Politics & Government

Pike voters replace state lawmaker, judge-executive and Kentucky's longest-serving sheriff

W. Keith Hall, left, and Chris Harris
W. Keith Hall, left, and Chris Harris

A political earthquake hit Pike County on Tuesday, when voters turned out a controversial state lawmaker, the county-judge executive and the longest-serving sheriff in the state.

"All this is one of the biggest political changes in one day we've seen in a long time in Pike County," Pikeville attorney and columnist Larry Webster said.

In the 93rd House District, which includes eastern Pike County and Martin County, incumbent Keith Hall of Phelps was defeated by Pike County Magistrate Chris Harris in a 209-vote squeaker of a Democratic primary. No Republican filed for the office.

In the race for judge-executive, former judge-executive Bill Deskins topped Wayne T. Rutherford by 629 votes. Rutherford had been county judge-executive from 1970 to 1982 and 1992 to 1994. He was elected again in 2006. Deskins was county judge from 2003 to 2007.

And in the Pike County sheriff's race, Charles "Fuzzy" Keesee got beat by a ratio of more than 2 to 1 by Pike County Jailer Rodney Scott.

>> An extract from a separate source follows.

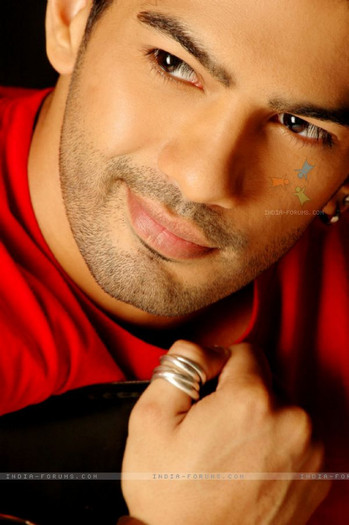 31565-amit-tandon - DILL MILL GAYYE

The vote tally was 8,503 for Scott and 4,223 for Keesee, who has been sheriff for more than 40 years, although not consecutively, since first taking office in 1962.

Scott said his campaign theme was "it's time for a change."

Here's a closer look at each of the three Pike County races that rocked the political landscape in the state's largest county in land area, and where Democrats outnumber Republicans 34,464 to 11,178.

State House

Hall, who has been dogged by controversy since entering the state House in 2001, told the Appalachian News-Express in Pikeville on Tuesday night that he congratulated Harris on the win.

"It was a tough race," Hall told the newspaper. "It was bloody. It was Politics 101. It was brutal, brutal. But the people have spoken and I've always been one that believes in 'power to the people,' and I've run a good race, I've fought a good fight, and I have no regrets."

Hall did not return calls from the Herald-Leader on Tuesday night and Wednesday seeking comment.

Kim Geveden, who managed Harris' campaign, said Wednesday that Hall has not yet conceded to Harris and might ask the secretary of state's office for a recanvass.

Any request for a recanvass must be made by 4 p.m. Tuesday, secretary of state spokeswoman Lynn Zellen said. A request with the circuit court for a recount must be made within 10 days after the election, she said.

A recanvass involves retabulating the vote totals from each voting machine. It is conducted with no expense to the candidate. A recount involves asking the circuit court to order each ballot to be recounted. The candidate must pay for a recount.

Geveden said Harris defeated Hall because "the people of Pike and Martin counties had had enough of Mr. Hall."

"They were given a credible, honest candidate to take the district in a different direction," he said. "They had had enough of the embarrassment Mr. Hall had caused."

In 2011, the state Legislative Ethics Commission fined Hall $2,000 after one of his companies won $171,000 in no-bid sewer line projects that he voted to include in the state budget.

In recent months, federal and state investigators have examined Hall's ties to a former coal mine inspector to whom Hall — a coal mine operator — once claimed he gave an unspecified sum of money.

Hall has denied any unethical behavior.


Geveden also managed Deskins' campaign for judge-executive, in which Deskins pledged to serve only one term. He's 84 and Rutherford is 76.

"Bill decided to run again because he couldn't sit quietly and watch the county's finances get into a bigger mess," Geveden said.

Age was not a factor in the race, Geveden said, "but it did help that Bill said he would only go one term."

Neither Rutherford nor Deskins returned calls Wednesday seeking comment.

No Republican filed to run for the office.


Keesee, 86, said his loss to Scott by more than 4,000 votes was "a big disappointment."

"I hope money didn't change hands in the race, but I'm looking into that," Keesee said.

Scott responded by calling Keesee's comment "an unfortunate statement."

"I think the people just wanted a new sheriff," he said.

Keesee said his age might have hurt him. He also said he was glad that Hall lost his state House race.

"Keith Hall and Rodney Scott have a business together, a store, in Lawrence County, Va. They were running together," Keesee said.

Scott said he did not align himself with any other candidate.

Both Keesee and Scott will serve in their current offices for the rest of 2014. No Republican filed to run for sheriff.

Jerry "Freddie" Lewis of Belfry won the Democratic nomination Tuesday for Pike County jailer to replace Scott next year.